Kevin Mott, Board Member, NephCure Kidney International, talked about the challenges and racism he faced as a black man when trying to get diagnosed with focal segmental glomerulosclerosis (FSGS). One sign of the illness was high blood pressure, and when typical medications weren’t working, doctors started suggesting that his lifestyle choices were the problem. They blamed his diet (by assuming he was eating lots of fried and processed foods), use of steroids and HGH, and cocaine use, despite the fact that none of these explanations were part of his lifestyle and instead played into anti-black stereotypes. It was only after seeing a fourth doctor that he finally found someone who would hear his side of the story and put him on the path to a diagnosis.
Farah Akhtar, a Special Education Needs Teacher whose son was born with xeroderma pigmentosum, also had trouble getting proper treatment. He had severe sunburn, but the doctors initially blamed grass allergies and eczema. His issue was not being taken seriously. She started treating him with sunscreen daily since it was clear he was getting damaged.
Only after taking her son to a different doctor after they had moved to a different area did he get the evaluation needed to get the diagnosis. Farah believes it wouldn’t have happened if they hadn’t moved. She has had to get used to pushing hard for proper treatment and advocating for him over the years.
Nicola Miller, Editor in Chief, Rare Revolution Magazine; Chair of Trustees, Teddington Trust, talked about the impact that gender can have on getting treatment. Male caregivers might be taken more seriously than a female, and some mothers have gotten into the habit of having their husbands present at a child’s appointment to get taken more seriously. It also goes for female patients; some have said they will take a male chaperone with them to have more credibility. Unfortunately, even female doctors have a tendency to believe female patients less often.

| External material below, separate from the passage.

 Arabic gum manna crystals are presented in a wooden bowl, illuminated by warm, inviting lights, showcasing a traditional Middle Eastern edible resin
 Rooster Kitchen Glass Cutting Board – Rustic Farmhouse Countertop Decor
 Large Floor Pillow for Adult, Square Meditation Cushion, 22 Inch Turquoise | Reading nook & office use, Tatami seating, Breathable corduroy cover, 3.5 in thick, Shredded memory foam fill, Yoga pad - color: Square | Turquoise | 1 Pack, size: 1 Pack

Kerry Leeson-Beavers, Project Lead, Breaking Down Barriers; National Development Manager, Alstrom Syndrome UK, had similar experiences when trying to get her son (who has Alstrom syndrome) a diagnosis. The doctors immediately assumed that he was being fed poorly since he was overweight. Over time, Kerry had to learn to be the insistent advocate for her son, and over the years she has developed a gut sense that she knows to follow when trying to advocate. She has developed an understanding of Alstrom syndrome over the years that their doctors have learned to respect.

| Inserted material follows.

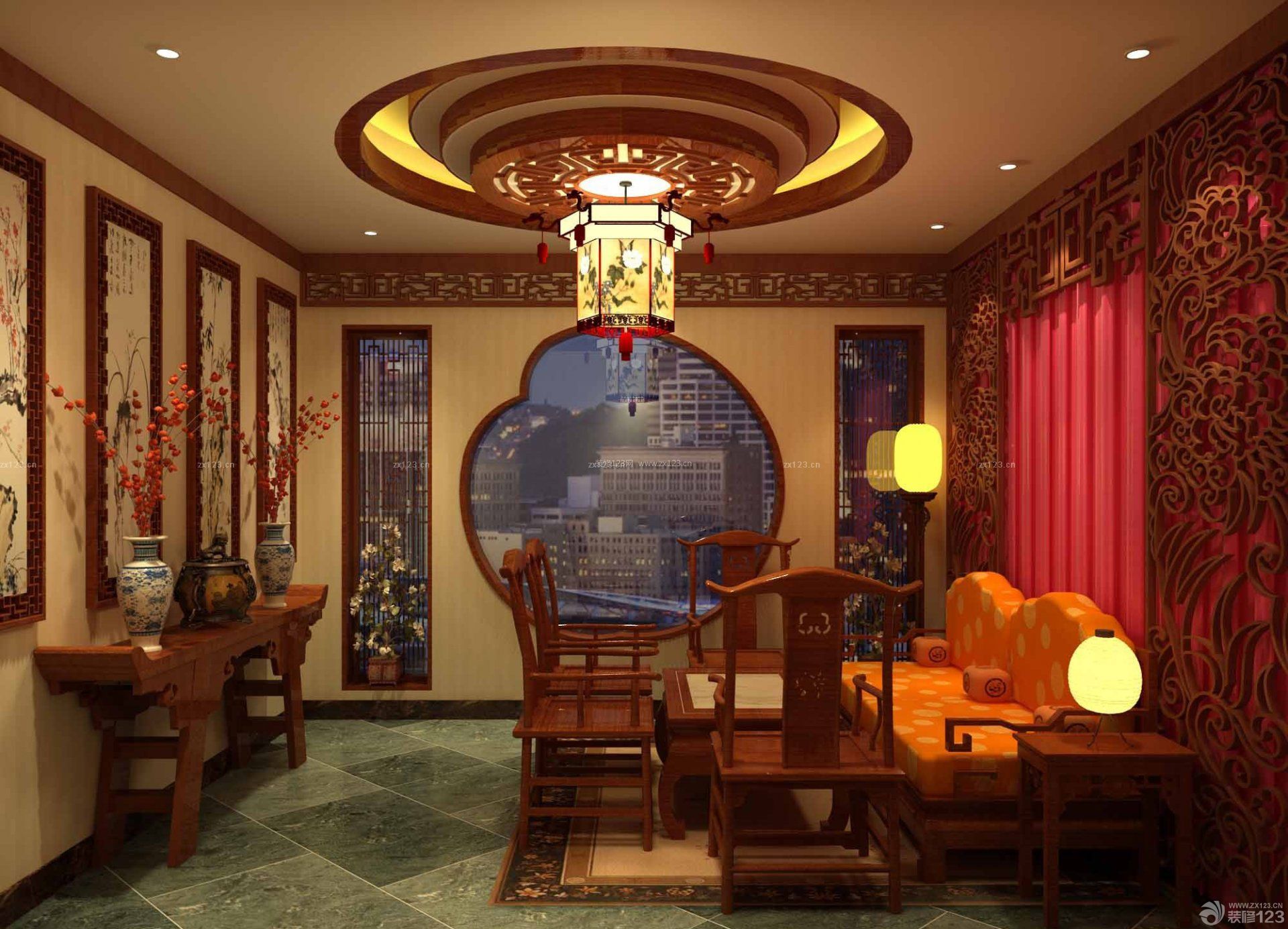 中式茶楼包间吊顶设计装修效果图片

Tammy Boyd, Chief Policy Officer, Black Women’s Health Imperative; Co-Founder, Rare Disease Diversity Coalition, says that BWHI has been pushing hard for better representation in clinical trials, which often do very poorly in selecting a diverse group of participants. She cites the COVID-19 vaccine trials, which failed to include patients with rare diseases as well as other groups.
She also says that many doctors do not ask black people if they would like to participate in trials. While there is a fraught history of medical experimentation and torture of black people in clinical studies in the US, the assumption that black people would never be interested in trials prevents them from representing the population appropriately.

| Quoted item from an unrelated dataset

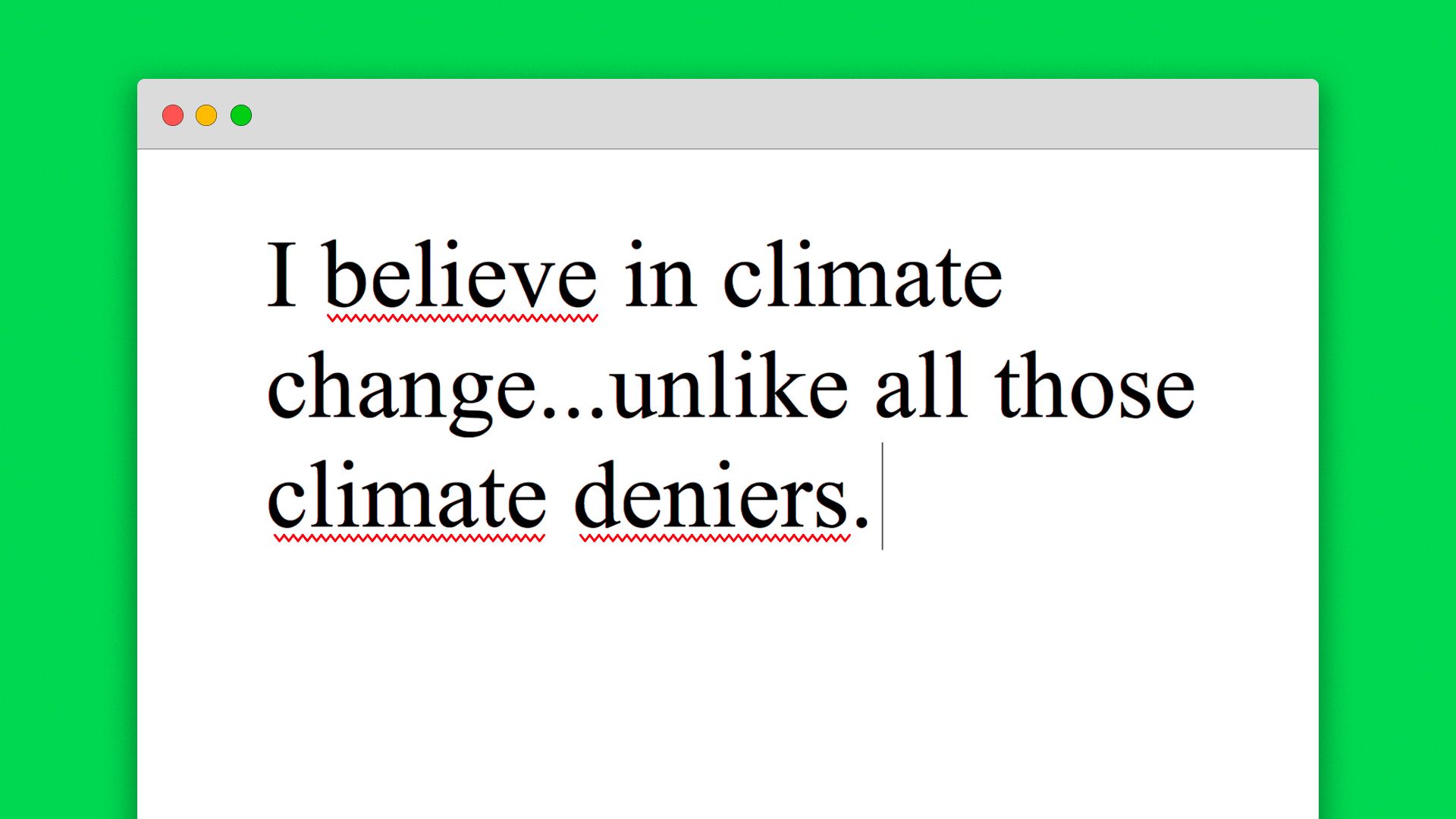 Climate words misspelled on a screen.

The Rare Disease Diversity Coalition, which Tammy founded, has been bringing together a wide variety of rare disease stakeholders in an attempt to help tackle some of these issues. The group was founded with the hope of addressing some of the problems that people of color with rare diseases have to face. Multiple working groups have been formed and have been working on a bias training program for providers.
Equity is a global problem that extends far beyond the scope of just rare disease or the medical field, and the only path forward has to involve regular dialogue and decisive action that can help improve the lives of patients.